L'IA générative a également des implications éthiques qu'il convient d'examiner de près. En particulier, le risque de biais algorithmique. Si les données utilisées pour former un système d'IA sont biaisées, le système prendra des décisions biaisées. Se lancer tête baissée dans l'utilisation de solutions d'IA sans réfléchir à leur adoption ne fait qu'augmenter la probabilité de non-conformité.

Il est essentiel de comprendre ces risques immédiats pour progresser à long terme. Un manque de prévoyance concernant la sécurité et l'éthique de l'IA signifie que des problèmes juridiques se poseront inévitablement. Avec autant de ressources concentrées sur la lutte réactive contre les incendies, il devient alors impossible d'aller de l'avant et de libérer tout le potentiel de l’innovation en jeu.

Stratégie et solutions en matière d'IA

Heureusement, l'approche fondée sur le risque préconisée par les décideurs politiques français et la loi européenne sur l'IA offre tout de même une base solide aux entreprises pour élaborer leurs stratégies en la matière. Les lignes directrices en matière de conformité étant établies, il existe une orientation claire pour une innovation responsable et durable en matière d'IA. La question est de savoir comment les entreprises françaises peuvent mettre cela en pratique.

D’où la nécessité de disposer de solutions prenant aussi bien en considération la sécurité, la transparence que l’éthique, afin de pouvoir favoriser une innovation responsable, le tout en maximisant l’impact que peut avoir l’automatisation. Ces solutions devront ainsi être le plus ouvertes possible, que ce soit dans leur principe d’accès, de recherche scientifique ou de gouvernance, pour garantir une transparence totale auprès des utilisateurs.

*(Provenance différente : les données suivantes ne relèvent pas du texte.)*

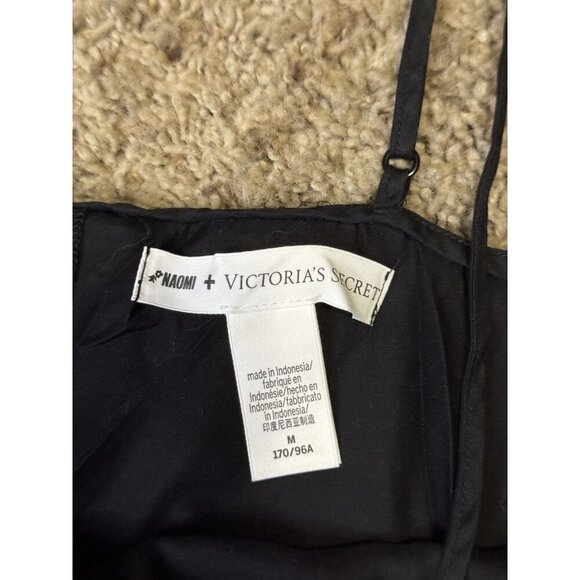 VICTORIA’S SECRET Black Romper Lingerie Sleepwear Embroidered Back Tie MEDIUM - Picture 4 of 12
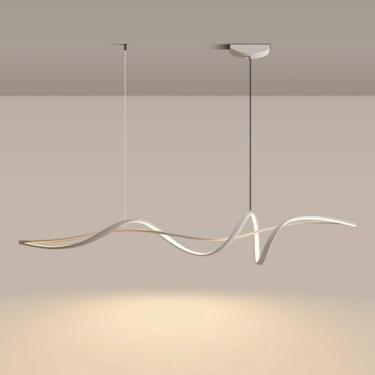 Imagem de Luminária pendente espiral LED moderna, lustre linear para sala de jantar, luminária de ilha de cozinha, luminária de teto suspensa de 47 polegadas para quarto, sala de estar, restaurante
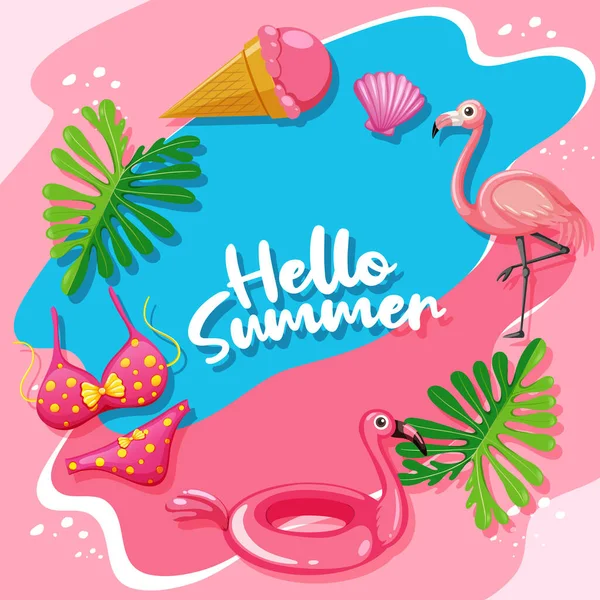 Hello Summer Banner Flamingo Theme Иллюстрации — стоковый вектор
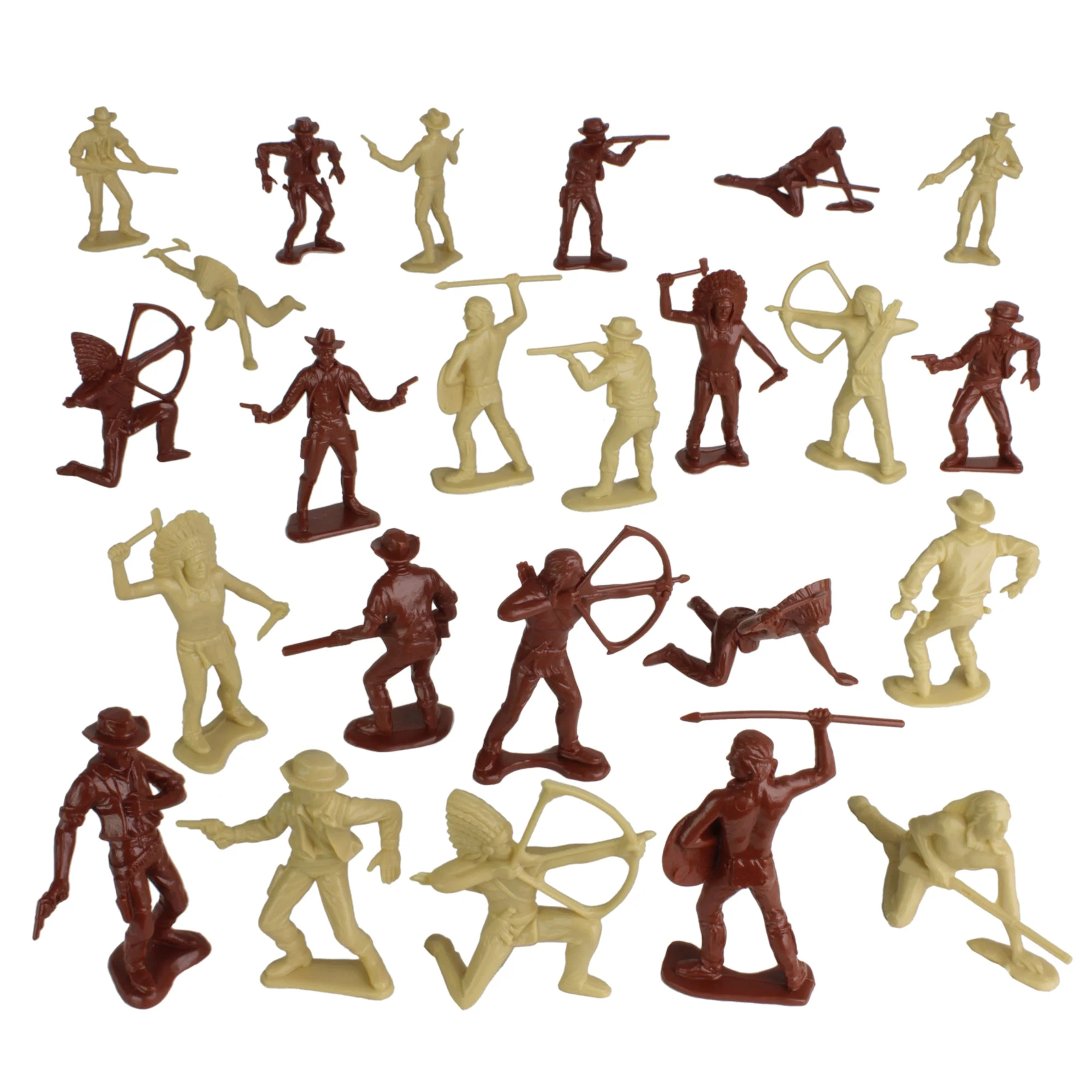TimMee Cowboy & Indian Plastic Figures - 40pc Tan & Rust Brown Playset - US Made - Image 5
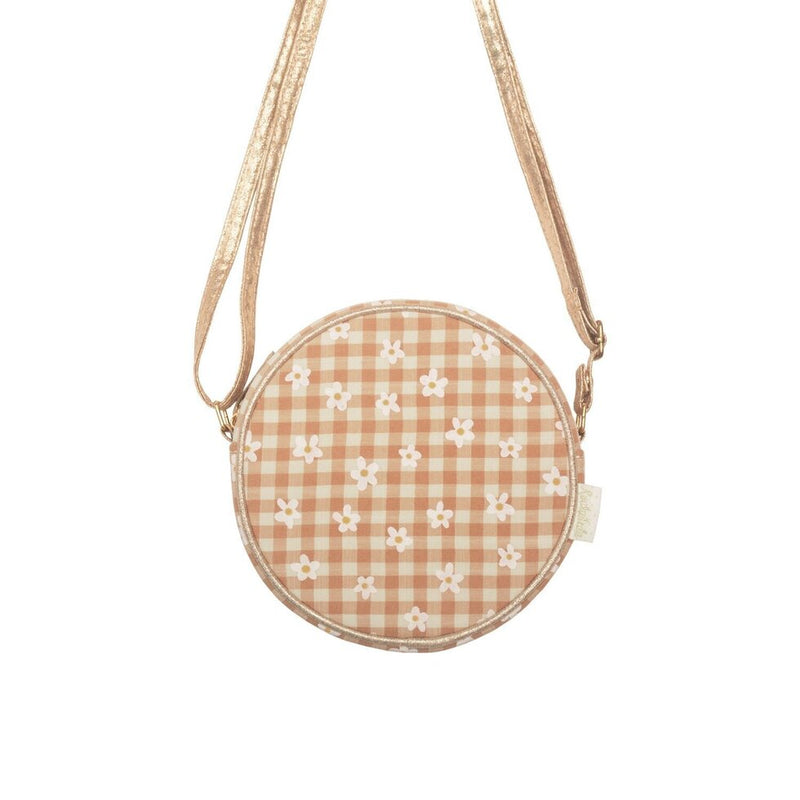 daisy gingham round bag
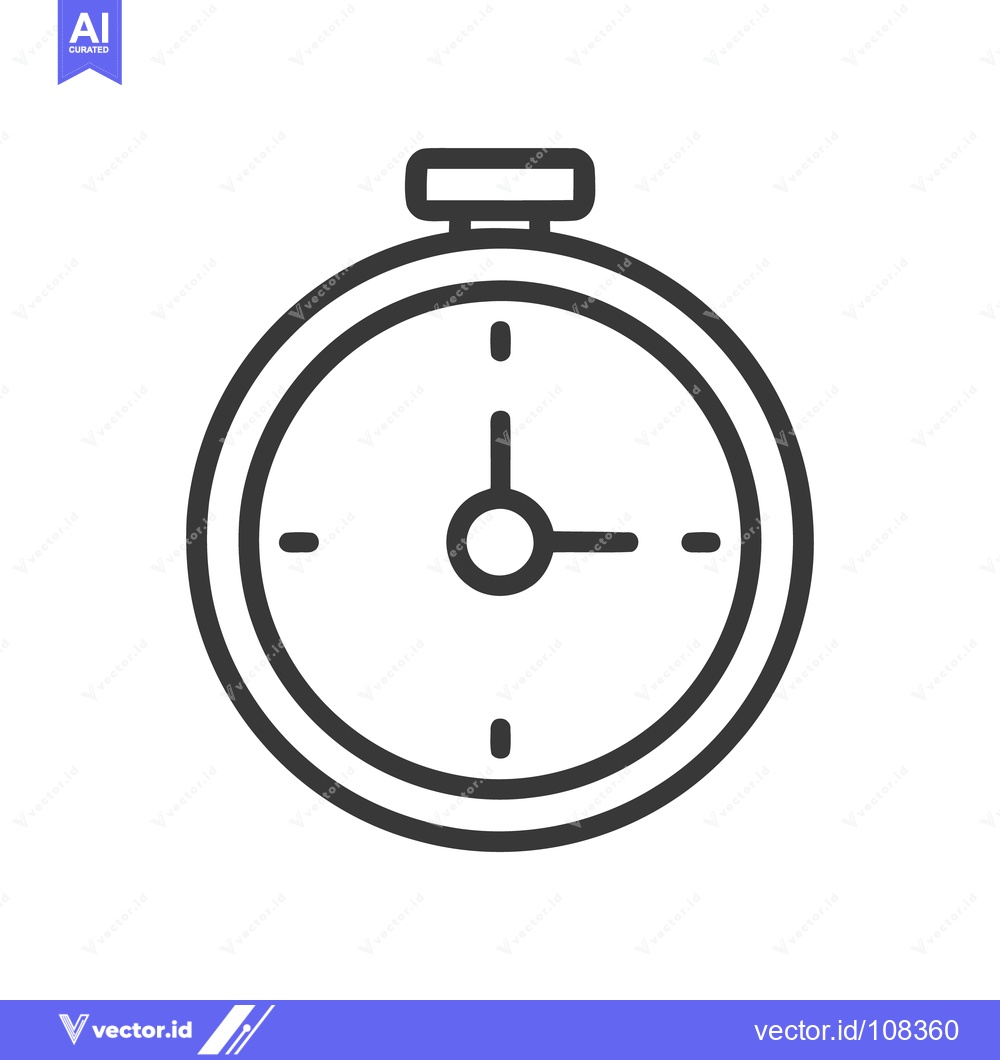 Premium Vector dari Minimalist Stopwatch Icon: Precision Timing in Bold Outline Design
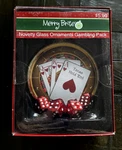 Merry Brite Texas Hold 'em Gambling Roulette Casino Christmas Glass Ornament. Fixed Price $8.00.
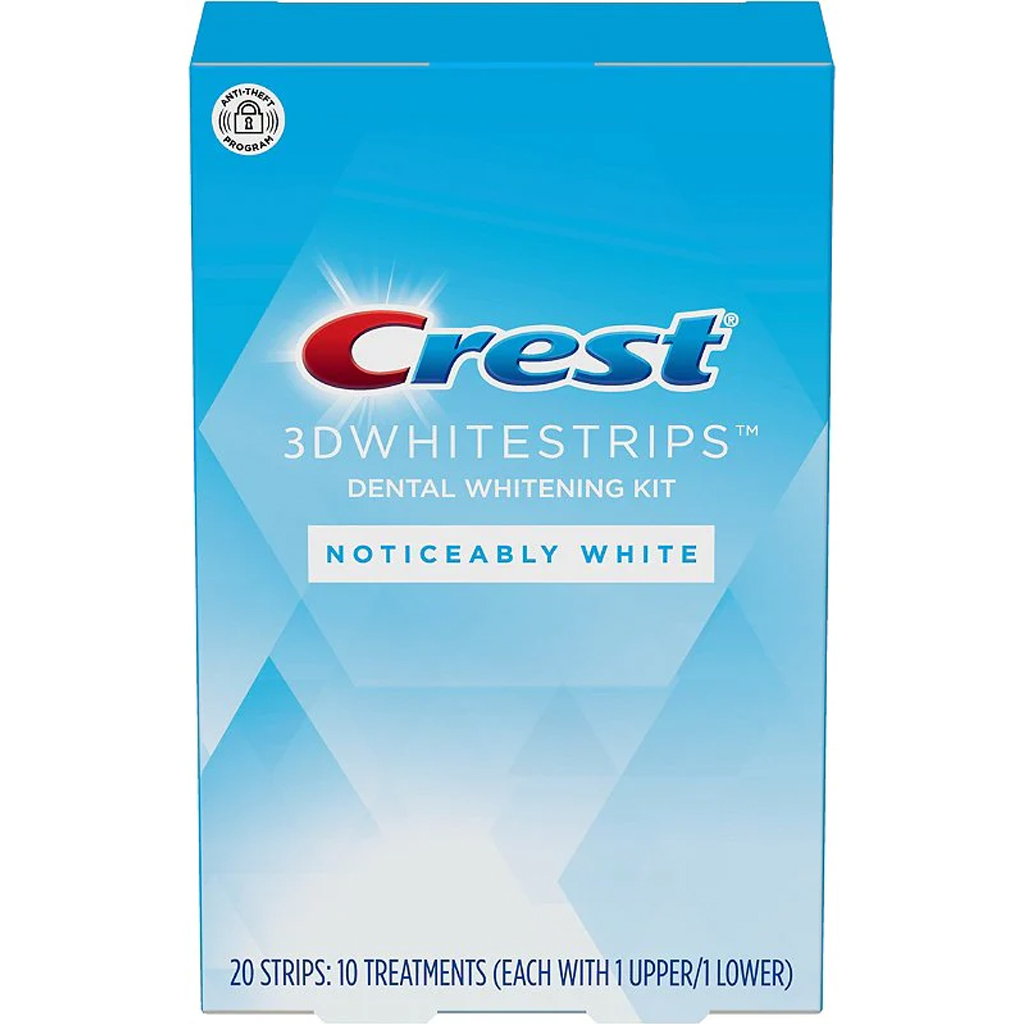 CREST 3D WHITE STRIPS NOTICEABLY WHITE 20 10 Treatments (20 Strips 10 Upper 10 Lower)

Cela dit, ce n’est pas seulement aux entreprises mais bien à l’ensemble de l’écosystème de s'unir pour ouvrir une voie nouvelle et éthique en matière d’intelligence artificielle. La France a une riche histoire d'innovation, et il n'y a pas de meilleur moment pour canaliser ce même sentiment dans cette cinquième révolution industrielle en encourageant la collaboration et le partenariat dans l'ensemble de l'industrie technologique. Dans le même temps, il ne s’agit pas de tout réinventer mais bien de prendre en compte les meilleures innovations, d’où qu’elles viennent.

Pour que les entreprises françaises puissent tirer le meilleur parti de cette opportunité, elles doivent également être en mesure d'exploiter rapidement les solutions d’intelligence artificielle, et cela passe par une approche globale et le choix des bons partenaires technologiques. Un partenariat réussi est un partenariat qui fournit la bonne technologie au bon moment. En l'occurrence, il s'agit de donner à l'ensemble de l'entreprise les moyens de tirer rapidement parti des capacités de l'IA, idéalement en combinant une solution de bout en bout avec les bons outils d'IA générative.

Exploiter le potentiel de l'IA

Les lignes directrices réglementaires approuvées par la France et ses décideurs politiques offrent une feuille de route structurée pour entrer avec confiance et responsabilité dans l'ère de l'innovation en matière d'IA. La prochaine étape consiste pour les entreprises, avec leurs partenaires et l'industrie technologique au sens large, à ouvrir la voie en adoptant la bonne approche et les bonnes solutions pour faire de la France un lieu clé d’innovation et d’application en matière d’intelligence artificielle.

Nul doute que la tenue du prochain Sommet sur la sécurité de l’intelligence artificielle en physique à Paris, annoncée par le Ministère de l’économie, des Finances et de la Souveraineté industrielle et numérique ce 1er novembre, sera un moment clé pour aborder ces sujets et réunir décideurs et entreprises sur ces questions cruciales.